Eckhart Schmidt’s 1982 West German thriller DER FAN (THE FAN) would have to rate as one of the unsung European genre masterpieces from the eighties. The film does have it supporters, and it has recently received a lovely Blu-ray/DVD release from Mondo Macabro, so it is not a total obscurity, but nor is it as anywhere near as well-known as it deserves to be. I myself was pretty much unaware of the movie until I read a compelling review of it by Michelle Alexander, who was kind enough to lend me the Mondo Macabro disc, which I sat down to watch last night and was instantly drawn into and mesmerized by.
Starring Désirée Nosbusch in a compelling and beautifully detached performance, DER FAN tells the story of Simone, a teenage girl obsessed by the idea of meeting and falling in love with her idol, a mysterious and somber experimental new wave/pop singer known only as R (played by Bodo Steiger). Failing at school because her thoughts are dominated completely by R, when her continual stream of love letters to R go unanswered, Simone’s intense fan-ish obsession begins to tilt over into stalker territory, as she leaves home and hitches to Munich, where R is scheduled to appear on a pop music television show. When Simone finally comes face to face with her true love, she is brought into R’s inner circle but soon learns the old lesson that it’s sometimes better to keep your idols at arm’s length, as things take an unexpectedly dark and very twisted turn in the final act.

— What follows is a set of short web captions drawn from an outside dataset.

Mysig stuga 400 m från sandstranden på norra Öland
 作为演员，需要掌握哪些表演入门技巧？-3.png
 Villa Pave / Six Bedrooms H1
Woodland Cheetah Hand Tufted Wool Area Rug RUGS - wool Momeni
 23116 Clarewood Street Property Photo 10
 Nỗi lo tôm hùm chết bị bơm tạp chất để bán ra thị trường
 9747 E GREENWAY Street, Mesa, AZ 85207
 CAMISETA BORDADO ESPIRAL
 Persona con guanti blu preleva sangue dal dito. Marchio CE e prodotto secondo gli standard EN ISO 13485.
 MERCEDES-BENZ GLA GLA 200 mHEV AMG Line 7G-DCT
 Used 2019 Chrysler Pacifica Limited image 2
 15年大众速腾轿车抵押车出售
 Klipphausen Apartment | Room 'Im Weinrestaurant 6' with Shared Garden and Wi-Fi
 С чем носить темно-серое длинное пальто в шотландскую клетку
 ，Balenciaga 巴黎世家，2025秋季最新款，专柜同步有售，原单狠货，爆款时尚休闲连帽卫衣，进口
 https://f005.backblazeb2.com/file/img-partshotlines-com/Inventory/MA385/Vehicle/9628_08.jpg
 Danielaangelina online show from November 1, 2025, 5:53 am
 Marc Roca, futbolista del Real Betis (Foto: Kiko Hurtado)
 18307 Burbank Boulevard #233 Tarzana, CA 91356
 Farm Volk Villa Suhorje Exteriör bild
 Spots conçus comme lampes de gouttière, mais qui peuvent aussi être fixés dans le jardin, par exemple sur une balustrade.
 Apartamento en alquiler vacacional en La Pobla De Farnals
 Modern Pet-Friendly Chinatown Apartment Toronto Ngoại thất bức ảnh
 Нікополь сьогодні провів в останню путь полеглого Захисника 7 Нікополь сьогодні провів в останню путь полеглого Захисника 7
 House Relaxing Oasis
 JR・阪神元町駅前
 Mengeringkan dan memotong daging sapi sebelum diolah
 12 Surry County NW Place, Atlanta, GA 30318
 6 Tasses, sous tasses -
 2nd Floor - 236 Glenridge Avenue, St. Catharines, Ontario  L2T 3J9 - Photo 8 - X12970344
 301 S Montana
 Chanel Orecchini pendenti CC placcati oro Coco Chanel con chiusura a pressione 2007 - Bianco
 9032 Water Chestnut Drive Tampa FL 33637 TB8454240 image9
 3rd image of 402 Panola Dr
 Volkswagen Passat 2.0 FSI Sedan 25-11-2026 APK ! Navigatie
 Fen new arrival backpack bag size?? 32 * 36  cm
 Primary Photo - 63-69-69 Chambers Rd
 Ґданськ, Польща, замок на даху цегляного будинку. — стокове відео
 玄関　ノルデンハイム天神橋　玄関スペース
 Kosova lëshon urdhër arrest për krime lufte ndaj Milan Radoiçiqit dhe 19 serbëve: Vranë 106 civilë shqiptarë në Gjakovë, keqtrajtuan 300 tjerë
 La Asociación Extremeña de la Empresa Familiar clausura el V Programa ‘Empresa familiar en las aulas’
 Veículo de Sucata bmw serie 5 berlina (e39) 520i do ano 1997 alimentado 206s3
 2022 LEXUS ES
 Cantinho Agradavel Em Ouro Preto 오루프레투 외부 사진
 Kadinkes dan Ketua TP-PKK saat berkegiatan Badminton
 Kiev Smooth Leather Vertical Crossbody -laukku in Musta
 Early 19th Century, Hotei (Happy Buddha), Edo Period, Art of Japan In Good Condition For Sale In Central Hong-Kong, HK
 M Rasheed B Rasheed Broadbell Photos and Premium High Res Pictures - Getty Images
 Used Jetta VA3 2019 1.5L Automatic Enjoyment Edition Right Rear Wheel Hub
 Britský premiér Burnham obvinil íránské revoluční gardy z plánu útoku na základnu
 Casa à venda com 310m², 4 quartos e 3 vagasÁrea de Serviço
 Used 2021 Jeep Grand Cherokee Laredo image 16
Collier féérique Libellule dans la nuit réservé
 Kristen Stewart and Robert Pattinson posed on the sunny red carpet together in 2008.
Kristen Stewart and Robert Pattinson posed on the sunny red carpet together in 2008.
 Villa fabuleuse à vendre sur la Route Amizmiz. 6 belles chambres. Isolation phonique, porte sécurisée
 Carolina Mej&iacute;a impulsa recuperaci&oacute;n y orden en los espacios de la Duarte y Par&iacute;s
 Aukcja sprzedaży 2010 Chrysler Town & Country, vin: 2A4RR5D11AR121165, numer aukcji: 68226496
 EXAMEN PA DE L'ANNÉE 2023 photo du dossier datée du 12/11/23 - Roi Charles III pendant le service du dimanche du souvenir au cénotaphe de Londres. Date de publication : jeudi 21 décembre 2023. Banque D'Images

From the moment the opening credits appear against bright red background, the first two acts of DER FAN pops with a beautifully slick early-eighties style that clearly reflects the burgeoning music video landscape of the day, and the soundtrack (provided by German group Rheingold) makes for some excellent Euro new wave listening. As the themes of the film turn darker in it’s final third, so too does the colour palette diminish and things become more stark and shadowy, and the music more unnerving. On paper the sudden tonal shift would sound jarring but under Schmidt’s assured direction the transition works beautifully, making the climax of the film a true surprise.
DER FAN works on so many levels – as a thriller, a horror film, a musical document and a compelling look at the dangerous extremes of fandom. It’s an ultimately sick but oddly moving gem, and one which is absolutely worth unearthing and admiring.